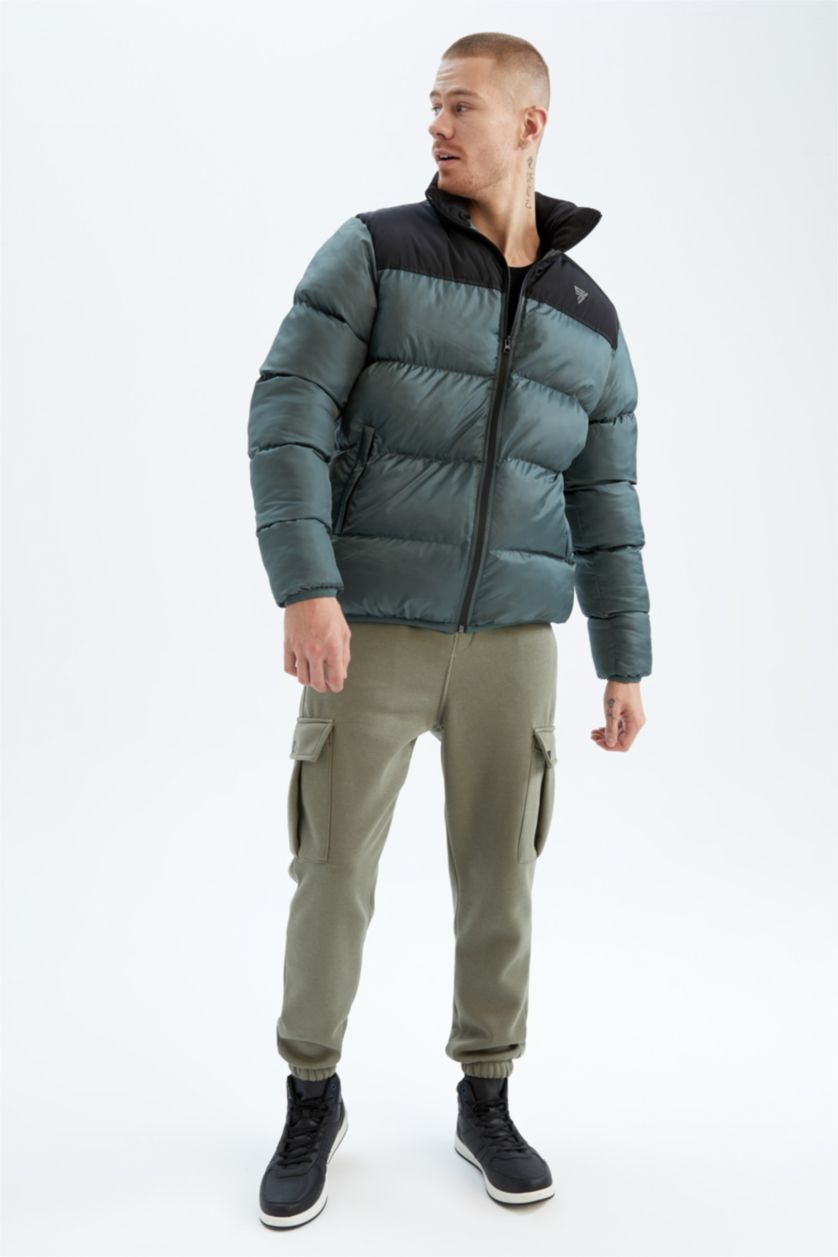 Erkek Yeşil Su İtici Rüzgar Geçirmez DeFactoFit Oversize Fit Dik Yaka Mont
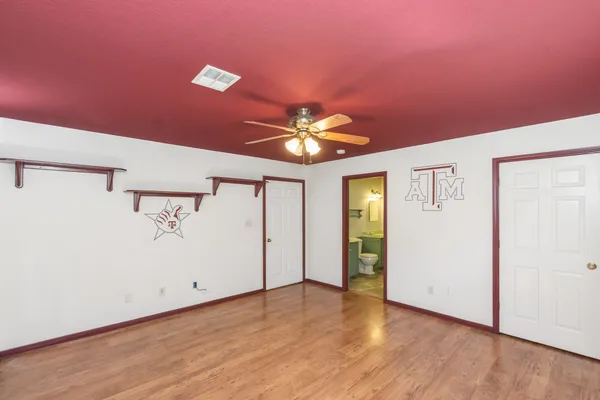 $995,000 | 7316 Pine Drive, Alvin, TX 77511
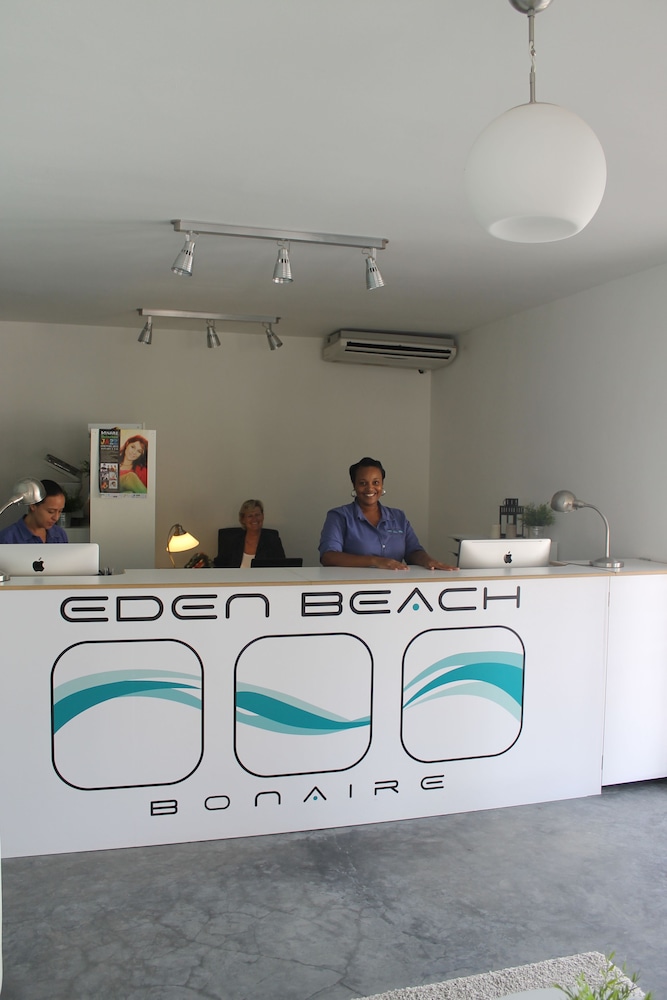 Eden Beach Resort 12/63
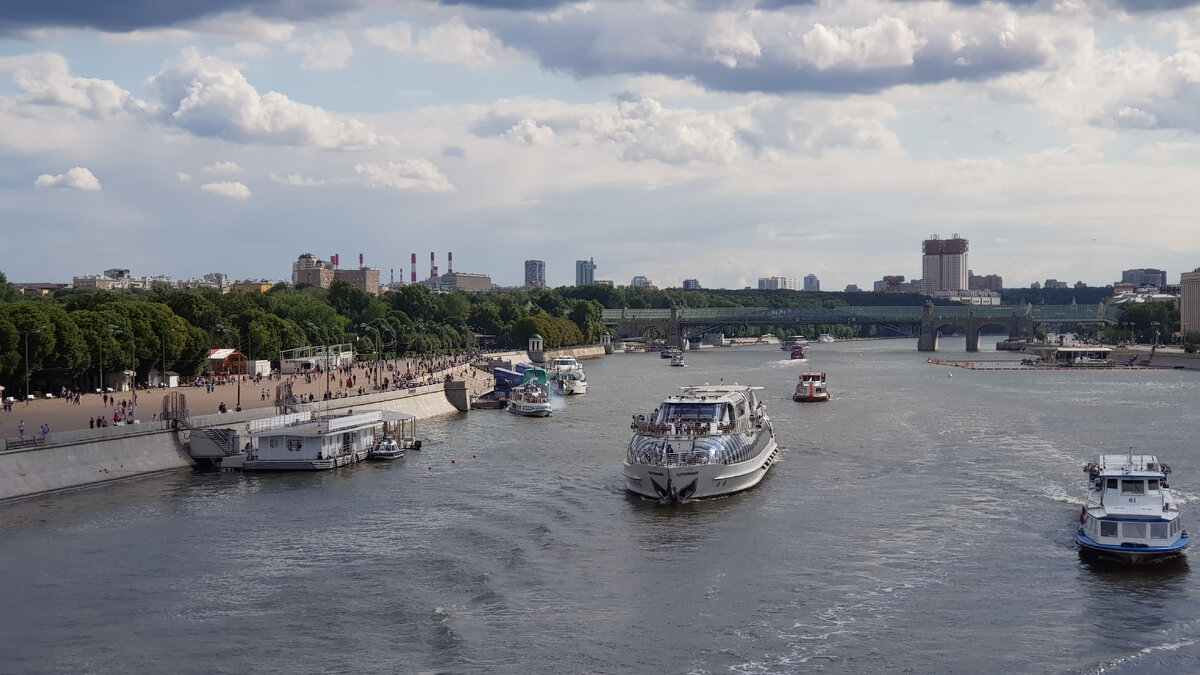 Вид с Крымского моста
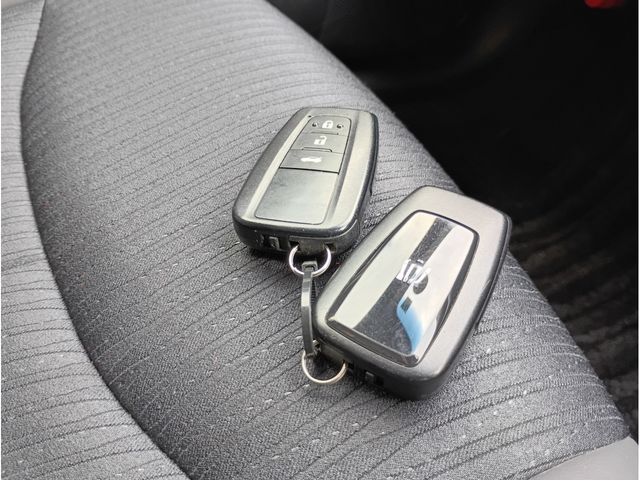 TOYOTA CROWN SEDAN HYBRID 2021 Image 31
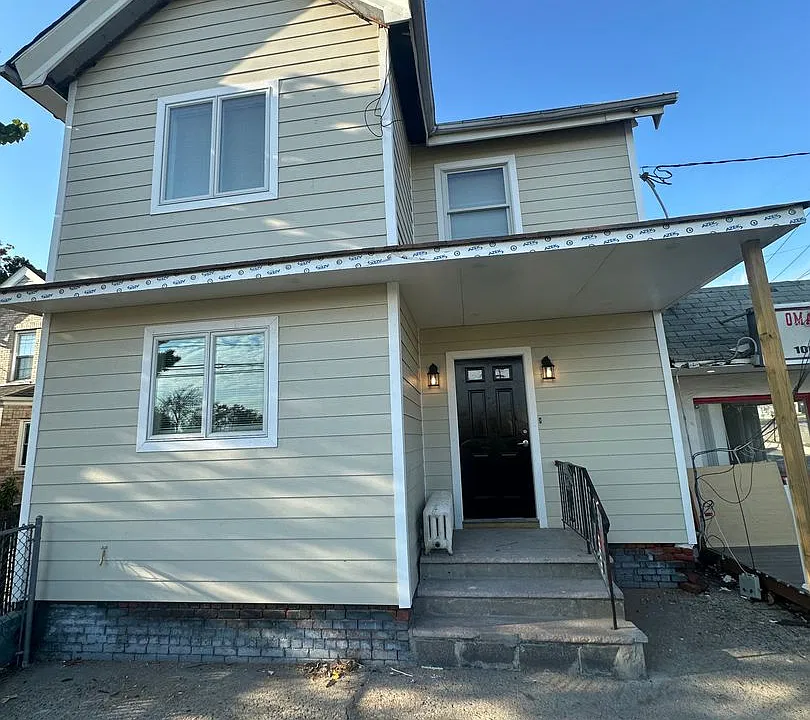 100 Driveway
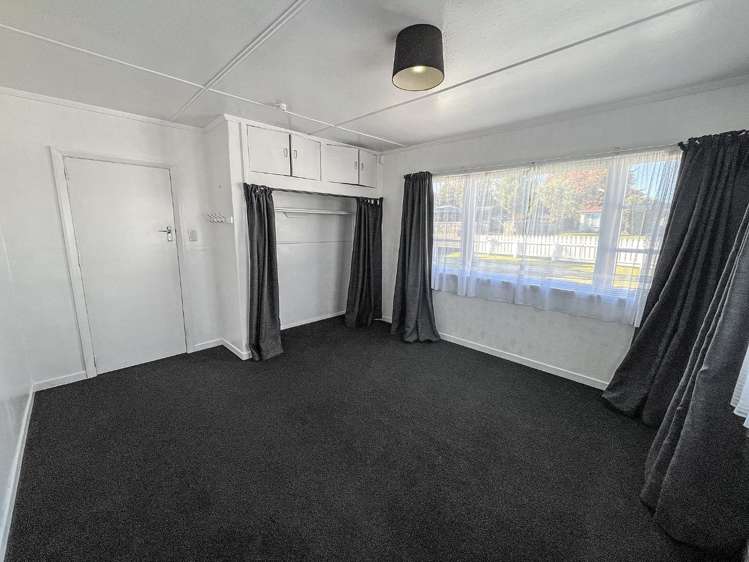 56 Baird Road 11139_4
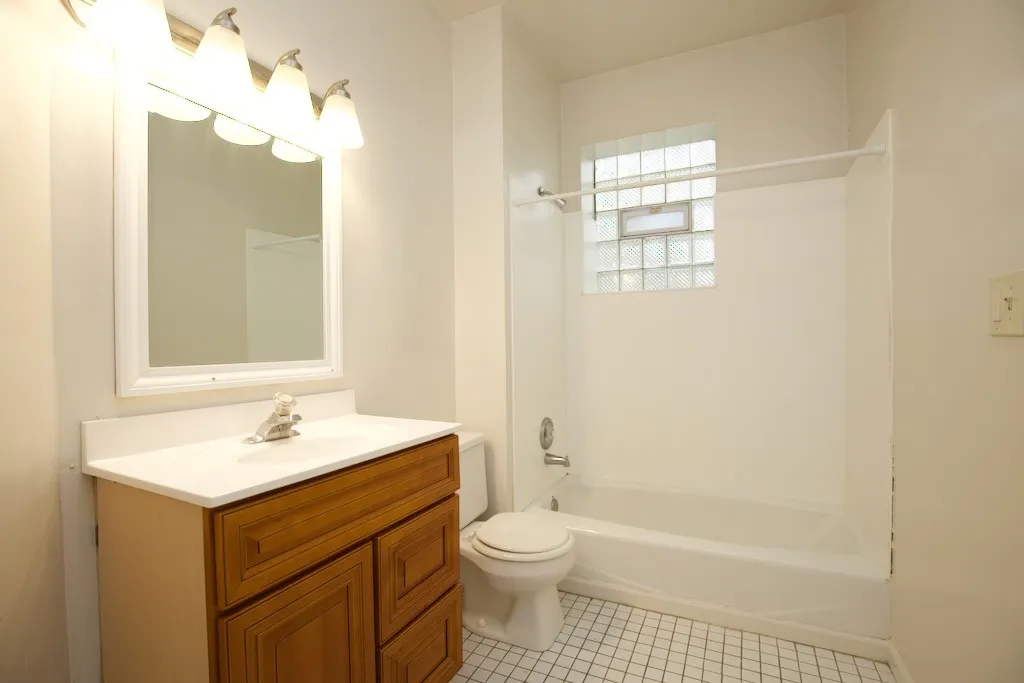 6717 N Sheridan Rd, , 60626, USA 60626-unit#3S-Chicago-IL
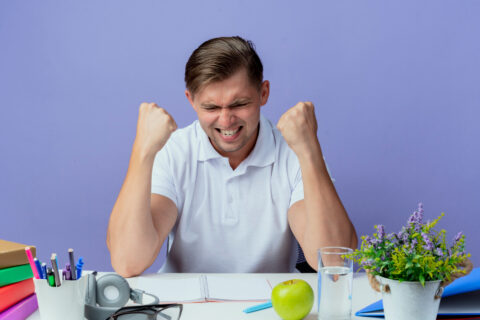 Carreras poco estrés y buen sueldo: equilibrio ideal para tu vida profesional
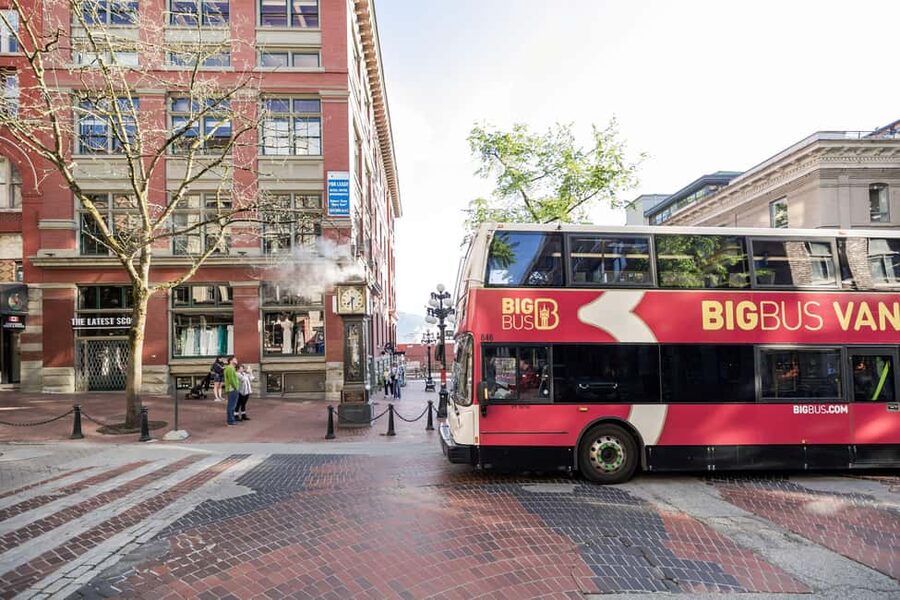 Vancouver: Hop-on Hop-off Sightseeing Tour with 10 Stops - Timing, frequency, and why traffic near Stanley Park matters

*-*-*

### EXERCISE PROMPT:
Pictures excluded, return exactly the lines from the one with "Alvin, TX 77511" through the final line of the entries above, both included.

### ANSWER TO THIS PROBLEM:
 $995,000 | 7316 Pine Drive, Alvin, TX 77511
 Eden Beach Resort 12/63
 Вид с Крымского моста
 TOYOTA CROWN SEDAN HYBRID 2021 Image 31
 100 Driveway
 56 Baird Road 11139_4
 6717 N Sheridan Rd, , 60626, USA 60626-unit#3S-Chicago-IL
 Carreras poco estrés y buen sueldo: equilibrio ideal para tu vida profesional
 Vancouver: Hop-on Hop-off Sightseeing Tour with 10 Stops - Timing, frequency, and why traffic near Stanley Park matters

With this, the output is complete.